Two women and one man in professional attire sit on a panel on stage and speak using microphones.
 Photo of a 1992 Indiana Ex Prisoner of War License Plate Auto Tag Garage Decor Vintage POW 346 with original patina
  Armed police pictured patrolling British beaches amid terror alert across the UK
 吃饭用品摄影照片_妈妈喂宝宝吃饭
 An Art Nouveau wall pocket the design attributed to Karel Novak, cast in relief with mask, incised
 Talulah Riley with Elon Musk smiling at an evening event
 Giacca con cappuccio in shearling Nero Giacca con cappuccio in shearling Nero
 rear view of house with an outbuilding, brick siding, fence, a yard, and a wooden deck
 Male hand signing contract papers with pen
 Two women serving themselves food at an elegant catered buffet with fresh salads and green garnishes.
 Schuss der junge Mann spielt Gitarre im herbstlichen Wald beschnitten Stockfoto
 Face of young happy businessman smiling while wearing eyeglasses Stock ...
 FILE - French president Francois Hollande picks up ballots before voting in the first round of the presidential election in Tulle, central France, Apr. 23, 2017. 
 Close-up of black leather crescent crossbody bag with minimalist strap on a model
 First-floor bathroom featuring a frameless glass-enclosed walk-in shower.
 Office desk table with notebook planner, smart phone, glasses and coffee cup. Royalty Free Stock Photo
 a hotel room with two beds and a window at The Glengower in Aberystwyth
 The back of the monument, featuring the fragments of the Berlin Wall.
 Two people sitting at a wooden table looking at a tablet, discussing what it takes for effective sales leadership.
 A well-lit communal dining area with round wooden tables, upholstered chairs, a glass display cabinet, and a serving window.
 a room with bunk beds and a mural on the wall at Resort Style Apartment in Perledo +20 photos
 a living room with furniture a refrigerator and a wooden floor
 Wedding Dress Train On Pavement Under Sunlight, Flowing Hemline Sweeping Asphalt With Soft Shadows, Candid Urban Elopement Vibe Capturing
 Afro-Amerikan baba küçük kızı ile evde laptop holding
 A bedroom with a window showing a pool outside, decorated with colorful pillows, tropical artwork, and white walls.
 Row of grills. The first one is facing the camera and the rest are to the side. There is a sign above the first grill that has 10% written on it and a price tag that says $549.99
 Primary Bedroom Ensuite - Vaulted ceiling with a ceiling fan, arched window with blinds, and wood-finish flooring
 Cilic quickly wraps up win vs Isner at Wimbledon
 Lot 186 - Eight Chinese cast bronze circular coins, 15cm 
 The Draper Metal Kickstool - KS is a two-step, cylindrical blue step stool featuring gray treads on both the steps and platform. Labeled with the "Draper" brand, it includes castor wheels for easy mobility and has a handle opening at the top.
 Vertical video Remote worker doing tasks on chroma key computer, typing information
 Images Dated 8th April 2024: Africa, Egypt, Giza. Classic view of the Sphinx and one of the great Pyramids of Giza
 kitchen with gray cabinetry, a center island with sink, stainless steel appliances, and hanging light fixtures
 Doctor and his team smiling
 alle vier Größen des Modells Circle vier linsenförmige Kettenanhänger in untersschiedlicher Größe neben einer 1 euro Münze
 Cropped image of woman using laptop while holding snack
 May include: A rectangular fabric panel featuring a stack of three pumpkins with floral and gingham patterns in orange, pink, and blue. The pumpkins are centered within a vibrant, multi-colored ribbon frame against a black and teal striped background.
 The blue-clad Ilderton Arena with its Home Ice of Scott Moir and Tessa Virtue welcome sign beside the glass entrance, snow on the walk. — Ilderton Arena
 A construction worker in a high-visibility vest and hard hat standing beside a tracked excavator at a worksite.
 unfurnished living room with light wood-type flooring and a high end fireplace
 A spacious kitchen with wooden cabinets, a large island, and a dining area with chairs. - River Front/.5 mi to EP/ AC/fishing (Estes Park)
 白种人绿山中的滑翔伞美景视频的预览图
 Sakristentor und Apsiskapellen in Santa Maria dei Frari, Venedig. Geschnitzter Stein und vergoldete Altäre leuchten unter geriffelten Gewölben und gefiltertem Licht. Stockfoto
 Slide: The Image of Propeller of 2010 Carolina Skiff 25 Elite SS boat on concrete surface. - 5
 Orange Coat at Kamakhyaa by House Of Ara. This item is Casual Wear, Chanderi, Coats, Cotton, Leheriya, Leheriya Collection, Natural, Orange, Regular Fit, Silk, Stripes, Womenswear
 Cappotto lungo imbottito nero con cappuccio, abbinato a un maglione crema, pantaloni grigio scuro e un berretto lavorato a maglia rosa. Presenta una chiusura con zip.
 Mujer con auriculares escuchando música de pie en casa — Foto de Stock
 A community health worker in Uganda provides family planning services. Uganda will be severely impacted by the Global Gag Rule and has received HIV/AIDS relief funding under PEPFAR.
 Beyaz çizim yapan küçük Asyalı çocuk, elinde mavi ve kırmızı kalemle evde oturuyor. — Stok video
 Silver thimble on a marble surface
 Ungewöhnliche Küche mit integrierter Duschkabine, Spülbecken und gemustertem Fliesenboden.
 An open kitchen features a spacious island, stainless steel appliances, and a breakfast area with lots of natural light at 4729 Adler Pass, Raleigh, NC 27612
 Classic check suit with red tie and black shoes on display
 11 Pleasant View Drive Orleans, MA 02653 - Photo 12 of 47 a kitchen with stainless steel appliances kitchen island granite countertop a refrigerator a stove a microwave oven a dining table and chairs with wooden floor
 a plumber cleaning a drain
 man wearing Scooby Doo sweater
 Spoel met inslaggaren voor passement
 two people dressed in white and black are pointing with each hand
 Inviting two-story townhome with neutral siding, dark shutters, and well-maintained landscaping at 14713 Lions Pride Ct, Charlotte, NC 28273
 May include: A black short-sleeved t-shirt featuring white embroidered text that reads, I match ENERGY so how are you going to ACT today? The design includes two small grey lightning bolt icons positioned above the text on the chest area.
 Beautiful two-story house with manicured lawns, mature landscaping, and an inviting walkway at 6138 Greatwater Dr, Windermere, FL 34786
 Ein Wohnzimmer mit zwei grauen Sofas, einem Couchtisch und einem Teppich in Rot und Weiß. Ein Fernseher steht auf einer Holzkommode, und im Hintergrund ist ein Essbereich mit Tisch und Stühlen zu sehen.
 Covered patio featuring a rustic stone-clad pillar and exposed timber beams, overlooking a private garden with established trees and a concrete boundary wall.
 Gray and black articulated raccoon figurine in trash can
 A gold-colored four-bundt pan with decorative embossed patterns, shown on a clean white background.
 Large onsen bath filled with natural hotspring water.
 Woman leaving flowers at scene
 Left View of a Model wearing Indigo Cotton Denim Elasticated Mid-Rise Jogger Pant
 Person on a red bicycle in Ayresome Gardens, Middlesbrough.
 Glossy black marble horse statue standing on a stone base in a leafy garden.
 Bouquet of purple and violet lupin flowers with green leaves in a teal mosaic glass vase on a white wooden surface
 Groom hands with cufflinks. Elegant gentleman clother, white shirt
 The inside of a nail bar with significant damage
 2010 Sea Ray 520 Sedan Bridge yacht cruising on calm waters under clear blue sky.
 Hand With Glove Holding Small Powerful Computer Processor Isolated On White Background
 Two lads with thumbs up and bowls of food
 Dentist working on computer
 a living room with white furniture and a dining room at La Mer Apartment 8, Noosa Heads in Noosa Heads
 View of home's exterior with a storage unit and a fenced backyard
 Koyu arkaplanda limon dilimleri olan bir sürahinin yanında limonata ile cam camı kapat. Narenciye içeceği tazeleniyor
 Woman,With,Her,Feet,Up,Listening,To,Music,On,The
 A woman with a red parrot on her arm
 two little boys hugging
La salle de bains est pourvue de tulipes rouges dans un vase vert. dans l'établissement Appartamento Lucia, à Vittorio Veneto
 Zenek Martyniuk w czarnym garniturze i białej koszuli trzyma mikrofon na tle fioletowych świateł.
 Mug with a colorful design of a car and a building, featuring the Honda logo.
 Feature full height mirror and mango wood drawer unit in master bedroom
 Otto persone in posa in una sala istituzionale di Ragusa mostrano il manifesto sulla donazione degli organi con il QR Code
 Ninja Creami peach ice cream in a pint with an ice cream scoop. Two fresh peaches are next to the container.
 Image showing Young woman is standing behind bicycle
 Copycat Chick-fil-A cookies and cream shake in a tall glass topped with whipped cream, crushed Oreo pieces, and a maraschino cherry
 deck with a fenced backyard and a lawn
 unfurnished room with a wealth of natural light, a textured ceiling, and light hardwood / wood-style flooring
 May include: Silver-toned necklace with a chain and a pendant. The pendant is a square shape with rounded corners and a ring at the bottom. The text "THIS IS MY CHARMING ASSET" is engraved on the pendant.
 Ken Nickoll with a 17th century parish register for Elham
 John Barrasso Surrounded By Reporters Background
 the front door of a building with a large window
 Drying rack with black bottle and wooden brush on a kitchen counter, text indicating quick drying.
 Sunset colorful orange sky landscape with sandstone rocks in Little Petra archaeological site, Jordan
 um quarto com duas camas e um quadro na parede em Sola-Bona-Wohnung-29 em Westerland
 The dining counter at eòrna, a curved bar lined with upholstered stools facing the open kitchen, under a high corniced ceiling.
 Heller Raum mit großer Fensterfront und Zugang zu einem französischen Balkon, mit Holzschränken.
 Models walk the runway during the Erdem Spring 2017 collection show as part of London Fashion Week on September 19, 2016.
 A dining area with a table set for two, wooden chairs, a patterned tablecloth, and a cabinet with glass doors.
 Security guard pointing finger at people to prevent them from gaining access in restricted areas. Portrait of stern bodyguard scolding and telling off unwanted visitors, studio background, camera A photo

· · ·

EXERCISE REQUIREMENTS:
Output exactly the lines of the material above from the one containing "unfurnished living room" up to and including the one containing "Sakristentor und Apsiskapellen".

TASK RESULT:
 unfurnished living room with light wood-type flooring and a high end fireplace
 A spacious kitchen with wooden cabinets, a large island, and a dining area with chairs. - River Front/.5 mi to EP/ AC/fishing (Estes Park)
 白种人绿山中的滑翔伞美景视频的预览图
 Sakristentor und Apsiskapellen in Santa Maria dei Frari, Venedig. Geschnitzter Stein und vergoldete Altäre leuchten unter geriffelten Gewölben und gefiltertem Licht. Stockfoto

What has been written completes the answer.